[Start of section]

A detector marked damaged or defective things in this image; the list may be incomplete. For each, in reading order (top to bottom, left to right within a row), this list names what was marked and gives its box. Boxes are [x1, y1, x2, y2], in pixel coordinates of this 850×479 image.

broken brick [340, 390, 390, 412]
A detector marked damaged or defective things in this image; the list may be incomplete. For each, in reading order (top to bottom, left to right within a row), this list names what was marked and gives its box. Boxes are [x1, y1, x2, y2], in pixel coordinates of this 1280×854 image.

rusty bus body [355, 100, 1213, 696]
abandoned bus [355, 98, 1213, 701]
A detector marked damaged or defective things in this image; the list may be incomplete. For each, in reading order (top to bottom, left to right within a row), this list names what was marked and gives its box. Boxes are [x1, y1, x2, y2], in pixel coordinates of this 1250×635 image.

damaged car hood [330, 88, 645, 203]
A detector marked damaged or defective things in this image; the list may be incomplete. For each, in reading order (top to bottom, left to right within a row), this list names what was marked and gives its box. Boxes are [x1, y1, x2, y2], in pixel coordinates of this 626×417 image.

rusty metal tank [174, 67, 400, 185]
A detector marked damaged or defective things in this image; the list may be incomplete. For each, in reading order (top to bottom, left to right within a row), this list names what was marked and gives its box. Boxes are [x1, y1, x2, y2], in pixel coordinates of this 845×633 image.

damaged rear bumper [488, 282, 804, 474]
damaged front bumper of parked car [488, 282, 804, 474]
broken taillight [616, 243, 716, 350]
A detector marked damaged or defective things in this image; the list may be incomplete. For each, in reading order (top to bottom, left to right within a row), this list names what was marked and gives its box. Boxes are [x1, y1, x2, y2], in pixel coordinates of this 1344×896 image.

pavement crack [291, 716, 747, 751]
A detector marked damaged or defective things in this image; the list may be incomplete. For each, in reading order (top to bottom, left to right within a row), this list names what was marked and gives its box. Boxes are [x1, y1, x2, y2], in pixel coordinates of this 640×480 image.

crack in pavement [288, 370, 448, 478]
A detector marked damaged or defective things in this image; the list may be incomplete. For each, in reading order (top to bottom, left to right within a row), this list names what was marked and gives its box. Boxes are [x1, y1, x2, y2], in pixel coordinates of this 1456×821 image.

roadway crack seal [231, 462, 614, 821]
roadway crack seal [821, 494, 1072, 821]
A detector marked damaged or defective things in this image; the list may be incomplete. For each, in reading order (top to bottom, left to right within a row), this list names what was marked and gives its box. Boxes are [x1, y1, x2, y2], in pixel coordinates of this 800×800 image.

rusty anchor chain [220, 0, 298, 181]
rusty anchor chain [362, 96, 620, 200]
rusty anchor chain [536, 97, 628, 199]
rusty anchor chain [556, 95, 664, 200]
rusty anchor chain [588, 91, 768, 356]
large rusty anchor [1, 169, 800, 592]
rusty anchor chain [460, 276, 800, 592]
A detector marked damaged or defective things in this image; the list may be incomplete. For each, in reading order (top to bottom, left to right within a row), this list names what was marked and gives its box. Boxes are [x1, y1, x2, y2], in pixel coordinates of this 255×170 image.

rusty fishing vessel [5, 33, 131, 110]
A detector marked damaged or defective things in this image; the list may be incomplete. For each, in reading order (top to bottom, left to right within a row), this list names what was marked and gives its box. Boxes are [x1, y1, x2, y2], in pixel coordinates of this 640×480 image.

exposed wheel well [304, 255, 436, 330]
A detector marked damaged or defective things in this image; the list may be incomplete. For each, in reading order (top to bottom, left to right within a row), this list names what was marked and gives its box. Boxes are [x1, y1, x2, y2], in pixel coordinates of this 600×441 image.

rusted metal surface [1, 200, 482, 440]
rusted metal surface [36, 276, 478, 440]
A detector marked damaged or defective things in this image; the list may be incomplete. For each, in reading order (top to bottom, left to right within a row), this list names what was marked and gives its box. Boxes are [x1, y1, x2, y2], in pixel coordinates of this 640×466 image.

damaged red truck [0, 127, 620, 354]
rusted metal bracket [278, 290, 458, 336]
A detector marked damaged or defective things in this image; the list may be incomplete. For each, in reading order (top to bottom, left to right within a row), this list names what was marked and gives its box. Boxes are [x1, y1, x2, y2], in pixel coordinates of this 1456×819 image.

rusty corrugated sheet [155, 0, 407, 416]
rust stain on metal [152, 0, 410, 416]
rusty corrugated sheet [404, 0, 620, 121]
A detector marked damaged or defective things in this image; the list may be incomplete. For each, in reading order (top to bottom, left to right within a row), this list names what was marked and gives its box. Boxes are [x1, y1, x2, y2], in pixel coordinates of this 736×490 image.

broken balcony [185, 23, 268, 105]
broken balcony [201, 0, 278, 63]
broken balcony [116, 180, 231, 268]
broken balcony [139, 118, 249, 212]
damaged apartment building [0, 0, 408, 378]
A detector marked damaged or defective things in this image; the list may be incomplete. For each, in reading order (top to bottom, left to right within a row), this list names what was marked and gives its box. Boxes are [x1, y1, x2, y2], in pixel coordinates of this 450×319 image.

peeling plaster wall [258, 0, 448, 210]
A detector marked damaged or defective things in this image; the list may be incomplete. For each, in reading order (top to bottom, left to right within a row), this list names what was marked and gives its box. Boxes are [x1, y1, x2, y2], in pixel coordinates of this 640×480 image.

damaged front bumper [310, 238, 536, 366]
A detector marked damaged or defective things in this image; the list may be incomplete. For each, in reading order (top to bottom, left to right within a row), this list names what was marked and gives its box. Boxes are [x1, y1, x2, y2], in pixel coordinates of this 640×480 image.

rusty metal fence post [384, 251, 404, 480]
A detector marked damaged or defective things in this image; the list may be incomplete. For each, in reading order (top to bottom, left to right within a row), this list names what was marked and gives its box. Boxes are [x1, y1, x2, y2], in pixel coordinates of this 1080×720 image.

[End of section]

*Activity*
Return the whole listing, keeping every line exactly as it is.

*Response*
A detector marked damaged or defective things in this image; the list may be incomplete. For each, in reading order (top to bottom, left to right within a row), this list names what was marked and gives its box. Boxes are [x1, y1, x2, y2], in pixel coordinates of this 850×479 image.

broken brick [340, 390, 390, 412]
A detector marked damaged or defective things in this image; the list may be incomplete. For each, in reading order (top to bottom, left to right within a row), this list names what was marked and gives its box. Boxes are [x1, y1, x2, y2], in pixel coordinates of this 1280×854 image.

rusty bus body [355, 100, 1213, 696]
abandoned bus [355, 98, 1213, 701]
A detector marked damaged or defective things in this image; the list may be incomplete. For each, in reading order (top to bottom, left to right within a row), this list names what was marked and gives its box. Boxes are [x1, y1, x2, y2], in pixel coordinates of this 1250×635 image.

damaged car hood [330, 88, 645, 203]
A detector marked damaged or defective things in this image; the list may be incomplete. For each, in reading order (top to bottom, left to right within a row), this list names what was marked and gives its box. Boxes are [x1, y1, x2, y2], in pixel coordinates of this 626×417 image.

rusty metal tank [174, 67, 400, 185]
A detector marked damaged or defective things in this image; the list may be incomplete. For each, in reading order (top to bottom, left to right within a row), this list names what was marked and gives its box. Boxes are [x1, y1, x2, y2], in pixel coordinates of this 845×633 image.

damaged rear bumper [488, 282, 804, 474]
damaged front bumper of parked car [488, 282, 804, 474]
broken taillight [616, 243, 716, 350]
A detector marked damaged or defective things in this image; the list may be incomplete. For each, in reading order (top to bottom, left to right within a row), this list names what was marked and gives its box. Boxes are [x1, y1, x2, y2], in pixel coordinates of this 1344×896 image.

pavement crack [291, 716, 747, 751]
A detector marked damaged or defective things in this image; the list may be incomplete. For each, in reading order (top to bottom, left to right within a row), this list names what was marked and gives its box. Boxes are [x1, y1, x2, y2], in pixel coordinates of this 640×480 image.

crack in pavement [288, 370, 448, 478]
A detector marked damaged or defective things in this image; the list may be incomplete. For each, in reading order (top to bottom, left to right within a row), this list names what was marked and gives its box. Boxes are [x1, y1, x2, y2], in pixel coordinates of this 1456×821 image.

roadway crack seal [231, 462, 614, 821]
roadway crack seal [821, 494, 1072, 821]
A detector marked damaged or defective things in this image; the list may be incomplete. For each, in reading order (top to bottom, left to right within a row), this list names what was marked and gives its box. Boxes are [x1, y1, x2, y2], in pixel coordinates of this 800×800 image.

rusty anchor chain [220, 0, 298, 181]
rusty anchor chain [362, 96, 620, 200]
rusty anchor chain [536, 97, 628, 199]
rusty anchor chain [556, 95, 664, 200]
rusty anchor chain [588, 91, 768, 356]
large rusty anchor [1, 169, 800, 592]
rusty anchor chain [460, 276, 800, 592]
A detector marked damaged or defective things in this image; the list may be incomplete. For each, in reading order (top to bottom, left to right within a row), this list names what was marked and gives its box. Boxes are [x1, y1, x2, y2], in pixel coordinates of this 255×170 image.

rusty fishing vessel [5, 33, 131, 110]
A detector marked damaged or defective things in this image; the list may be incomplete. For each, in reading order (top to bottom, left to right within a row), this list names what was marked and gives its box. Boxes are [x1, y1, x2, y2], in pixel coordinates of this 640×480 image.

exposed wheel well [304, 255, 436, 330]
A detector marked damaged or defective things in this image; the list may be incomplete. For each, in reading order (top to bottom, left to right within a row), this list names what was marked and gives its box. Boxes are [x1, y1, x2, y2], in pixel coordinates of this 600×441 image.

rusted metal surface [1, 200, 482, 440]
rusted metal surface [36, 276, 478, 440]
A detector marked damaged or defective things in this image; the list may be incomplete. For each, in reading order (top to bottom, left to right within a row), this list names what was marked and gives its box. Boxes are [x1, y1, x2, y2], in pixel coordinates of this 640×466 image.

damaged red truck [0, 127, 620, 354]
rusted metal bracket [278, 290, 458, 336]
A detector marked damaged or defective things in this image; the list may be incomplete. For each, in reading order (top to bottom, left to right within a row), this list names what was marked and gives its box. Boxes are [x1, y1, x2, y2], in pixel coordinates of this 1456×819 image.

rusty corrugated sheet [155, 0, 407, 416]
rust stain on metal [152, 0, 410, 416]
rusty corrugated sheet [404, 0, 620, 121]
A detector marked damaged or defective things in this image; the list may be incomplete. For each, in reading order (top to bottom, left to right within a row), this list names what was marked and gives its box. Boxes are [x1, y1, x2, y2], in pixel coordinates of this 736×490 image.

broken balcony [185, 23, 268, 105]
broken balcony [201, 0, 278, 63]
broken balcony [116, 180, 231, 268]
broken balcony [139, 118, 249, 212]
damaged apartment building [0, 0, 408, 378]
A detector marked damaged or defective things in this image; the list may be incomplete. For each, in reading order (top to bottom, left to right within a row), this list names what was marked and gives its box. Boxes are [x1, y1, x2, y2], in pixel coordinates of this 450×319 image.

peeling plaster wall [258, 0, 448, 210]
A detector marked damaged or defective things in this image; the list may be incomplete. For each, in reading order (top to bottom, left to right within a row), this list names what was marked and gives its box. Boxes are [x1, y1, x2, y2], in pixel coordinates of this 640×480 image.

damaged front bumper [310, 238, 536, 366]
A detector marked damaged or defective things in this image; the list may be incomplete. For each, in reading order (top to bottom, left to right within a row), this list names what was marked and gives its box. Boxes are [x1, y1, x2, y2], in pixel coordinates of this 640×480 image.

rusty metal fence post [384, 251, 404, 480]
A detector marked damaged or defective things in this image; the list may be incomplete. For each, in reading order (top to bottom, left to right within a row), this list names what was marked and gives its box. Boxes are [x1, y1, x2, y2], in pixel coordinates of this 1080×720 image.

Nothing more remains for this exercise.